For those who do not know much about this interesting style, Old Time Fiddling is generally from the 1800’s or earlier and often features alternative “open” tunings that can change from song to song.  Its primary use as a single-instrument dance accompaniment requires players to have a deep sense of rhythm or “groove” and have a mastery of dynamics and bow accents in their arsenal of techniques and tricks that offset the often single-chord harmonic limitations inherent in the tunings typically used in Old Time songs.


Old Time Fiddler’s are a special breed.  Often you know very little of how music works or even what the names of the notes you are playing are!  …but the tunes you play are WAY-COOL in my opinion!  The average Old Time Fiddler will most likely have a good ear and quite a bit of playing experience already, and are usually a bit of a renegade as personality types go.  Even though I personally came from the opposite end of the musical spectrum initially,** I am definitely hip to doing things in your own way!  …it is a cornerstone of the Fiddle Jam Method and you are most welcome here!!
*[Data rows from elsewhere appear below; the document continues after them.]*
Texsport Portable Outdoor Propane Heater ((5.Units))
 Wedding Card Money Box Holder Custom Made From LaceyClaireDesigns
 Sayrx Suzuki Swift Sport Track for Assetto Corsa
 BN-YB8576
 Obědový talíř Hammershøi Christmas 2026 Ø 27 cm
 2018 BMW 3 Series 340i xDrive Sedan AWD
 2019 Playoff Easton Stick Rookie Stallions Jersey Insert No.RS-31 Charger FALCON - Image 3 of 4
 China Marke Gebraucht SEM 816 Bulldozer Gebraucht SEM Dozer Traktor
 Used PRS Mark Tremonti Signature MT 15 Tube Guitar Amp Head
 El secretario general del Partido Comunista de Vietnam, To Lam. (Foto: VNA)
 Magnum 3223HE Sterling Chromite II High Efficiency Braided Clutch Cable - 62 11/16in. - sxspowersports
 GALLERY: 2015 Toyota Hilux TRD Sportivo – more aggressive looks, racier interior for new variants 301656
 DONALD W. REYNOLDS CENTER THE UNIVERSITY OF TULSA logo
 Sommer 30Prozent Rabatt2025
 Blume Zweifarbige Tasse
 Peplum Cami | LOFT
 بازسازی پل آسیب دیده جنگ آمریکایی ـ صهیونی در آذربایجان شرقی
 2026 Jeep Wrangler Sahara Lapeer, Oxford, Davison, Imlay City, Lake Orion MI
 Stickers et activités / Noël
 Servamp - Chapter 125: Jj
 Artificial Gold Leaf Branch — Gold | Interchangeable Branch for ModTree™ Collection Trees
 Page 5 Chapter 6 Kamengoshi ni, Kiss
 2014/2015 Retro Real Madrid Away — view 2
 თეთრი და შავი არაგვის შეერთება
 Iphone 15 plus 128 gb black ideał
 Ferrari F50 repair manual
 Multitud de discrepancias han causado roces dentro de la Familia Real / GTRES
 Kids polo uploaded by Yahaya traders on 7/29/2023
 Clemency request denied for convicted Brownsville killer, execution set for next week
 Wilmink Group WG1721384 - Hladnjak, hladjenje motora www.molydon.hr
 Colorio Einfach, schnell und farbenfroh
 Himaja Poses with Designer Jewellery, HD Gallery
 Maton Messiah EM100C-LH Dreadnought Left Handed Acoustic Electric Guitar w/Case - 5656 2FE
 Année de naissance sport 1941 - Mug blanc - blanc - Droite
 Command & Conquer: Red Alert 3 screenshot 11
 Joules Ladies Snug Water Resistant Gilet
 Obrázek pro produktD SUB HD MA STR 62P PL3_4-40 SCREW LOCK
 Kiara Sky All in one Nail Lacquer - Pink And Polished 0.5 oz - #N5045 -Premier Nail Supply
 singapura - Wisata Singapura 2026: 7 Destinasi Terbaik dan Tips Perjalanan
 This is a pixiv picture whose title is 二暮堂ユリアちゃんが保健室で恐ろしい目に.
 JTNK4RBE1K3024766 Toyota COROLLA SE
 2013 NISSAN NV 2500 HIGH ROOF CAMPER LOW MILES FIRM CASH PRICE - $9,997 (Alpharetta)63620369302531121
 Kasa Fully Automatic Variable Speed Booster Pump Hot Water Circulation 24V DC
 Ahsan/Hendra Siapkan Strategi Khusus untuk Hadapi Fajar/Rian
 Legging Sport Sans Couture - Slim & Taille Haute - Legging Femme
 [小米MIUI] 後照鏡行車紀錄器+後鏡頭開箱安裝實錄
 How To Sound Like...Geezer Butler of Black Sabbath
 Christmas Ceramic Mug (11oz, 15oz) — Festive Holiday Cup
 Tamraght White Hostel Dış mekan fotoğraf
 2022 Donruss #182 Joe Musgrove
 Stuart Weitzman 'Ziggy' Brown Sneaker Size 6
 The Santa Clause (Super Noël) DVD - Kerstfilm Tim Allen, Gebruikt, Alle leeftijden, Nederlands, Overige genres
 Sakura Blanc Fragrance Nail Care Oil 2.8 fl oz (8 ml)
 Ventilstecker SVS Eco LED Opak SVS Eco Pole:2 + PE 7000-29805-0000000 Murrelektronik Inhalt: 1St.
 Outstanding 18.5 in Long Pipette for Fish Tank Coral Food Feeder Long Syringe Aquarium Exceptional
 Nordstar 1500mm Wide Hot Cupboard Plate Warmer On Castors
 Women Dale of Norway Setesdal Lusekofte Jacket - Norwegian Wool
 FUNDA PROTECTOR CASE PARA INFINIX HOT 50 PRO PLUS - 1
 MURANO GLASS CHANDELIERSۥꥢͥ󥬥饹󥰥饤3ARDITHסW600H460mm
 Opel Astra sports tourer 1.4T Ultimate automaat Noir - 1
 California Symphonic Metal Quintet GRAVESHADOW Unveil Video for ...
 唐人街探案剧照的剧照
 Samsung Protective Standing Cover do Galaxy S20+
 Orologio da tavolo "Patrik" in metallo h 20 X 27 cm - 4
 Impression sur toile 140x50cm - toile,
If you are an Old Time Fiddle specialist and have found your way to this page, it’s a good bet that you are now simply desiring to know more.  Maybe you are looking to get more stylistically current?  As stated, Old Time tunes are generally from the 1800’s or older.  A “next step” for many Old Timers, Bluegrass, though still ancient sounding to most, is a much more modern invention (1930-40’s) that mixed blues with “mountain” music, and played it hard and fast, and by comparison, was more for listening than dancing.  Though still pretty simple harmonically, it typically uses three-chord (I-IV-V) backups that are ofter “tater-ed” creatively using double string drone notes.

Music notation might also be foreign to Old Time Fidders who often only know a finger number system we call “Fiddler’s Tab.”  Bluegrass players are often “non-readers” too, but since they most often stay in standard G-D-A-E tuning, have developed their own system of Note Names and Finger Numbers.  You’ll often find both these systems under our traditional Staff Music Notation examples.  It is good to know the differences between these and will do a player no harm to be familiar with all three systems.

Of course, if you are looking to jump right in to more historically current styles, you’ll find 100’s of lessons in the FJi Library to appease you!

Check out these preparatory lessons:

  1. Note Name/Finger Number notation
  2. Fiddler’s Tab notation
  3. Major scales prep
  4. The note number system
  5. That Fiddle Sound

Then try these subjects:

  1. Bluegrass Section
  2. Tater
  3. I-IV-V

Further Studies:

**Side note from above: As I’ve mentioned in various videos in the FJi Library, my personal fiddling style trajectory took a turn when I heard Old Time fiddle master Bruce Molsky for the first time at an American String Teacher Conference (ASTA) back around 2002.  I thought that I had the groove thing “down” after decades of being a Blues-Rock-Zydeco-Fusion violinist until I heard Bruce creating grooves with a single violin that were as deep as any Led Zepplin tune!  Pretty cool.